THE PROBLEM |
Write each entry again exactly as shown, but without the images it holds.
Start of EXERCISE DATA
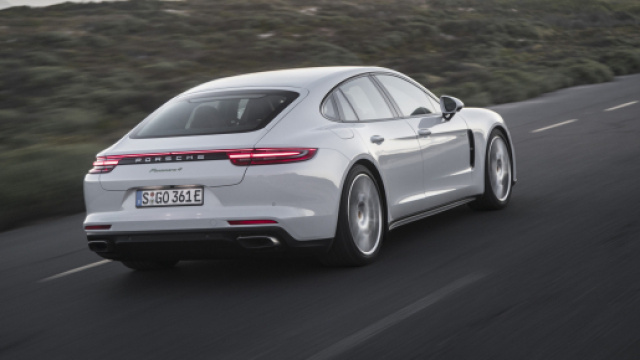 La Panamera 4 E-Hybrid, grazie al motore elettrico, raggiunge i 462 cv di potenza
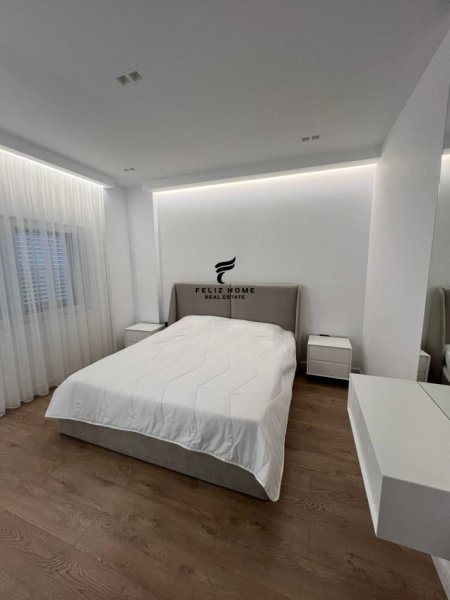 Tirane, jepet me qera apartament 2+1 Kati 1, 100 m² 1.000 € (LIQENI FARKES)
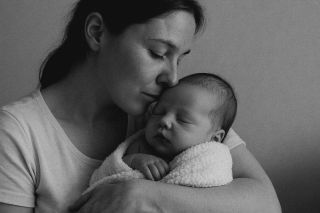 Dnes si připomínáme Světový den zdraví – a já bych ho chtěla věnovat těm nejkřehčím: maminkám a jejich novorozeným dětem....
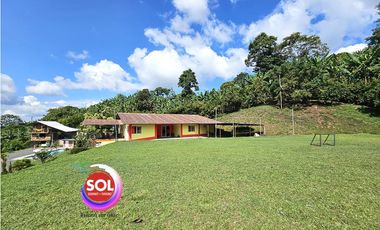 Casa  Campestre en Pereira, Sector  Combia.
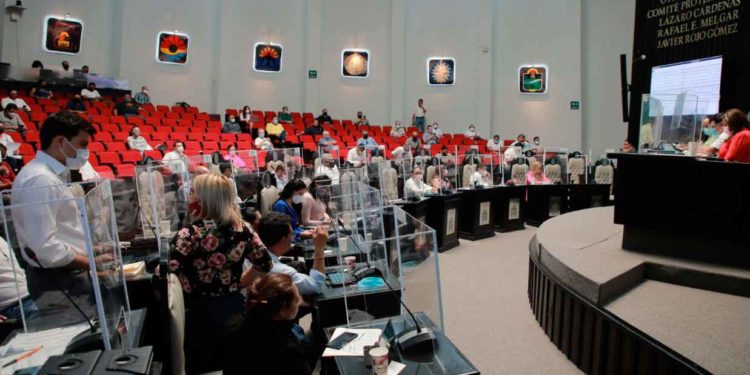 Le ponen fecha a las comparecencias de funcionarios ante Diputados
End of EXERCISE DATA
RESPONSE AREA |
 La Panamera 4 E-Hybrid, grazie al motore elettrico, raggiunge i 462 cv di potenza
 Tirane, jepet me qera apartament 2+1 Kati 1, 100 m² 1.000 € (LIQENI FARKES)
 Dnes si připomínáme Světový den zdraví – a já bych ho chtěla věnovat těm nejkřehčím: maminkám a jejich novorozeným dětem....
 Casa  Campestre en Pereira, Sector  Combia.
 Le ponen fecha a las comparecencias de funcionarios ante Diputados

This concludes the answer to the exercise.